Tuesday, April 20, 2010

The Angry Poet

We first exchanged glances, and then a brief introductory conversation, at the party of a mutual friend. I found him to be charming and attentive in a not-too-cloying fashion. He also had a sense of style that smacked of a European gene – which I later discovered to be accurate. He’d been in the US for many years but was originally from Europe, moving to Canada as a teenager. (He had me at "three passports".)

When our friend called me for permission to share my number with him, I was flattered. Then I thought about it for a moment (He-llll-ooo! There does come a point...you know what I'm sayin'?!), and cautiously agreed.

Our first date was casual and fun – a lecture followed by a long chat over some nice wine. He was funny, intelligent, curious and creative – a poet, in fact.

Danger, danger! Proceed with caution. Artist near.

We spent a second evening sharing a take-out dinner and more fine wine as he gave me a private reading of some of his poems. The early summer breeze puffed the sheer curtains away from the windows as Miles Davis and John Coltrane played in the background. Over the course of the evening, we laughed as we discovered how much we had in common and relaxed into the pleasure of playful flirting. But there was something niggling at me about this fellow that I was unable to shake. With my past experiences clearly in focus in my rear-view mirror, the familiar illusion of clarity born of hope (and an irritating positivity) with which I had always barreled into the future had been replaced by a pea-soup fog. From here on out, it could only be one foot in front of the other.
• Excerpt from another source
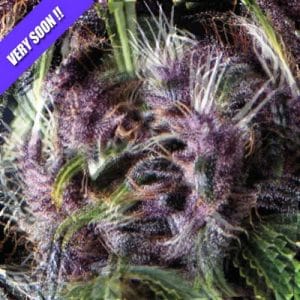 Image 1 of Purple cannabis by Pyramid Seeds – 50% Indica/50% Sativa – Female seeds – Fruity – Seed City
By the Third Date - a critical juncture in many conventional wisdom-spouting dating experts' views - I saw his emotional shirt buttons pop and the sweet poet morphed into a bilious control freak. This fellow, who was all smiles and jokes and charming poetry and touchy-huggy with me one-to-one became strangely hostile and combative with the flip of a switch.

After a long walk through a little beachside town, we stopped in at lovely little restaurant for dessert and coffee. Simple, right? Up walked a 20-something waiter, addressed us with "Ma’am" and "Sir" and was quite polite and accommodating to us as he handed us the menu. We could have easily been his parents (notice of his rockin’ body and bedroom eyes aside) and I thought his comportment was quite respectful.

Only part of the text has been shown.